___ Data provided ___
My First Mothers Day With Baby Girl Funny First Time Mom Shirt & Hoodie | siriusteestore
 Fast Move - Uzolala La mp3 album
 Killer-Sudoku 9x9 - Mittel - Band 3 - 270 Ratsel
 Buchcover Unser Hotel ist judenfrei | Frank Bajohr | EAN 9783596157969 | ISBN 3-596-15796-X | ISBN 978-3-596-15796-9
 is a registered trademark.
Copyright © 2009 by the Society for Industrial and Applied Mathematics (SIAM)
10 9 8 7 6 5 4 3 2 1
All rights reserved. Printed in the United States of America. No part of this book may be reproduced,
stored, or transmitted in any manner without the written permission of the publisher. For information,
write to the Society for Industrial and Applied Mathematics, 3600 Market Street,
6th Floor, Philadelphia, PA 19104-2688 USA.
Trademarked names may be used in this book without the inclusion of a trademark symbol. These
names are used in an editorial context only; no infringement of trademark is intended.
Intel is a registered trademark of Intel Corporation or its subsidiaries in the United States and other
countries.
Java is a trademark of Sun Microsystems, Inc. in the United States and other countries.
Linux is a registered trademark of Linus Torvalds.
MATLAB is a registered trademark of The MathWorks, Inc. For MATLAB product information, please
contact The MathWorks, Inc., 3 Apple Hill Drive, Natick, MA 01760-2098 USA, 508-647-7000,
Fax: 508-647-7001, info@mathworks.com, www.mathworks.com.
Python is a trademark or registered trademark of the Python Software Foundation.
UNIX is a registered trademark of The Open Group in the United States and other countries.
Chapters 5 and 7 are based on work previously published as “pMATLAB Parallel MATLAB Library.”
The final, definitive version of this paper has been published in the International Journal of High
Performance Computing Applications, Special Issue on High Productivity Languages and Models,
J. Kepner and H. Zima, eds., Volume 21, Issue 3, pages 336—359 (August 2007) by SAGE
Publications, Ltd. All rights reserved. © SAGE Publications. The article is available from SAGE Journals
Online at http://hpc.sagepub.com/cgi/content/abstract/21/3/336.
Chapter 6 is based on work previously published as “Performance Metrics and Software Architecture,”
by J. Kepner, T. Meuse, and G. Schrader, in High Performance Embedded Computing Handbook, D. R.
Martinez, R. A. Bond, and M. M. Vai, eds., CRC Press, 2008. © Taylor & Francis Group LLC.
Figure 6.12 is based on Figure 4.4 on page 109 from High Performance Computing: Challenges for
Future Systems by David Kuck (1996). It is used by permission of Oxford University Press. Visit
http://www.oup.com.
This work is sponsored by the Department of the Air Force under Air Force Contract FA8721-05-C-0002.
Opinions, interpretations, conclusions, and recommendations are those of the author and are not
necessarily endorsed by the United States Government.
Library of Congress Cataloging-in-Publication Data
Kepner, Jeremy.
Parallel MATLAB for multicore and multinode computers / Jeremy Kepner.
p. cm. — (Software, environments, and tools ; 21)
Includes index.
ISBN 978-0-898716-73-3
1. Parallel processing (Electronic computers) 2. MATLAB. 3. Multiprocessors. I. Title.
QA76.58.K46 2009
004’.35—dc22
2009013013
___
● **What to work on**: Using the data above, output each line exactly.

● **Your solution**:
My First Mothers Day With Baby Girl Funny First Time Mom Shirt & Hoodie | siriusteestore
 Fast Move - Uzolala La mp3 album
 Killer-Sudoku 9x9 - Mittel - Band 3 - 270 Ratsel
 Buchcover Unser Hotel ist judenfrei | Frank Bajohr | EAN 9783596157969 | ISBN 3-596-15796-X | ISBN 978-3-596-15796-9
 is a registered trademark.
Copyright © 2009 by the Society for Industrial and Applied Mathematics (SIAM)
10 9 8 7 6 5 4 3 2 1
All rights reserved. Printed in the United States of America. No part of this book may be reproduced,
stored, or transmitted in any manner without the written permission of the publisher. For information,
write to the Society for Industrial and Applied Mathematics, 3600 Market Street,
6th Floor, Philadelphia, PA 19104-2688 USA.
Trademarked names may be used in this book without the inclusion of a trademark symbol. These
names are used in an editorial context only; no infringement of trademark is intended.
Intel is a registered trademark of Intel Corporation or its subsidiaries in the United States and other
countries.
Java is a trademark of Sun Microsystems, Inc. in the United States and other countries.
Linux is a registered trademark of Linus Torvalds.
MATLAB is a registered trademark of The MathWorks, Inc. For MATLAB product information, please
contact The MathWorks, Inc., 3 Apple Hill Drive, Natick, MA 01760-2098 USA, 508-647-7000,
Fax: 508-647-7001, info@mathworks.com, www.mathworks.com.
Python is a trademark or registered trademark of the Python Software Foundation.
UNIX is a registered trademark of The Open Group in the United States and other countries.
Chapters 5 and 7 are based on work previously published as “pMATLAB Parallel MATLAB Library.”
The final, definitive version of this paper has been published in the International Journal of High
Performance Computing Applications, Special Issue on High Productivity Languages and Models,
J. Kepner and H. Zima, eds., Volume 21, Issue 3, pages 336—359 (August 2007) by SAGE
Publications, Ltd. All rights reserved. © SAGE Publications. The article is available from SAGE Journals
Online at http://hpc.sagepub.com/cgi/content/abstract/21/3/336.
Chapter 6 is based on work previously published as “Performance Metrics and Software Architecture,”
by J. Kepner, T. Meuse, and G. Schrader, in High Performance Embedded Computing Handbook, D. R.
Martinez, R. A. Bond, and M. M. Vai, eds., CRC Press, 2008. © Taylor & Francis Group LLC.
Figure 6.12 is based on Figure 4.4 on page 109 from High Performance Computing: Challenges for
Future Systems by David Kuck (1996). It is used by permission of Oxford University Press. Visit
http://www.oup.com.
This work is sponsored by the Department of the Air Force under Air Force Contract FA8721-05-C-0002.
Opinions, interpretations, conclusions, and recommendations are those of the author and are not
necessarily endorsed by the United States Government.
Library of Congress Cataloging-in-Publication Data
Kepner, Jeremy.
Parallel MATLAB for multicore and multinode computers / Jeremy Kepner.
p. cm. — (Software, environments, and tools ; 21)
Includes index.
ISBN 978-0-898716-73-3
1. Parallel processing (Electronic computers) 2. MATLAB. 3. Multiprocessors. I. Title.
QA76.58.K46 2009
004’.35—dc22
2009013013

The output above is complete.